When an investment entity that is a parent prepares separate financial statements as its only financial statements, it shall disclose that fact. The investment entity shall also present the disclosures relating to investment entities required by IFRS 12. [IAS 27(2011).16A]
[Note: The investment entity consolidation exemption was introduced into IFRS 10 by Investment Entities, issued on 31 October 2012 and effective for annual periods beginning on or after 1 January 2014.]
When a parent (other than a parent covered by the above circumstances) or an investor with joint control of, or significant influence over, an investee prepares separate financial statements, the parent or investor shall identify the financial statements prepared in accordance with IFRS 10, IFRS 11 or IAS 28 (as amended in 2011) to which they relate. The parent or investor shall also disclose in its separate financial statements: [IAS 27(2011).17]
the fact that the statements are separate financial statements and the reasons why those statements are prepared if not required by law,
a list of significant investments in subsidiaries, jointly controlled entities, and associates, including the name, principal place of business (and country of incorporation if different), proportion of ownership interest and, if different, proportion of voting rights, and
a description of the method used to account for the foregoing investments.
Applicability and early adoption
IAS 27 (as amended in 2011) is applicable to annual reporting periods beginning on or after 1 January 2013. [IAS 27(2011).18]
An entity may apply IAS 27 (as amended in 2011) to an earlier accounting period, but if doing so it must disclose the fact that is has early adopted the standard and also apply: [IAS 27(2011).18]
IFRS 10 Consolidated Financial Statements
IFRS 11 Joint Arrangements
IFRS 12 Disclosure of Interests in Other Entities
IAS 28 Investments in Associates and Joint Ventures (as amended in 2011).
The amendments to IAS 27 (2011) made by Investment Entities are applicable to annual reporting periods beginning on or after 1 January 2014 and special transitional provisions apply.
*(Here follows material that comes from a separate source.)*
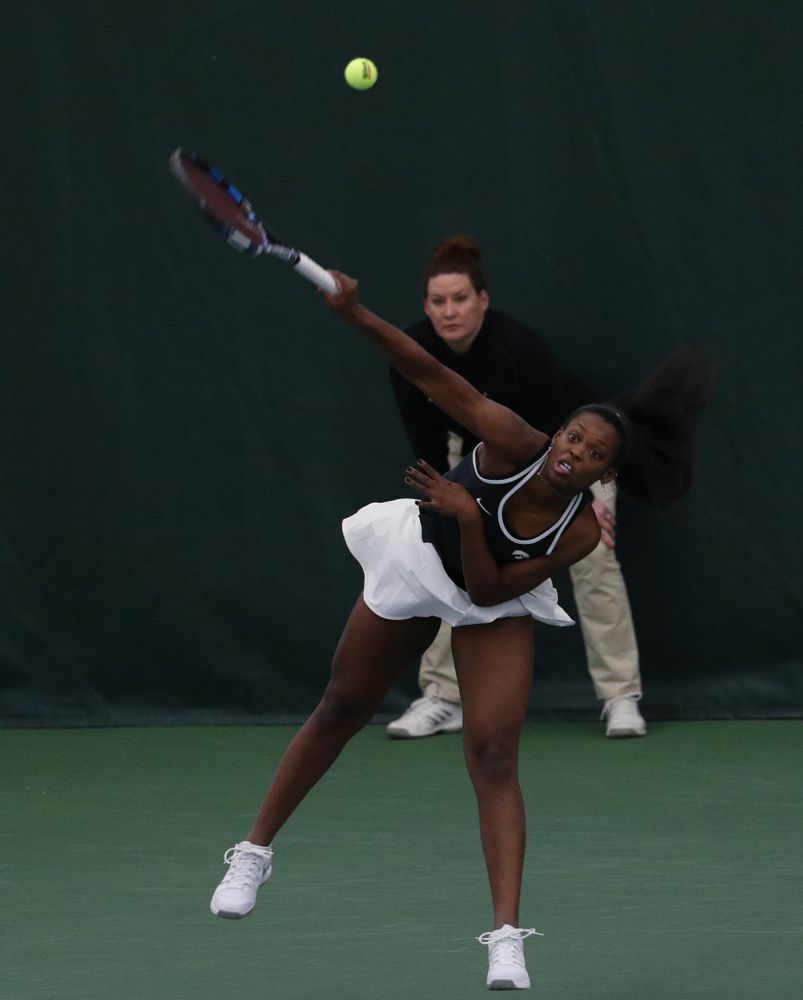 Iowa's Adorabol Huckleby during a doubles match against North Texas Sunday, January 20, 2019 at the Hawkeye Tennis and Recreation Center. (Brian Ray/hawkeyesports.com)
Equity Method in Separate Financial Statements (Amendments to IAS 27), issued in August 2014, amended paragraphs 4–7, 10, 11B and 12. An entity shall apply those amendments for annual periods beginning on or after 1 January 2016 retrospectively in accordance with IAS 8 Accounting Policies, Changes in Accounting Estimates and Errors. Earlier application is permitted. If an entity applies those amendments for an earlier period, it shall disclose that fact. [IAS 27(2011).18A-18J].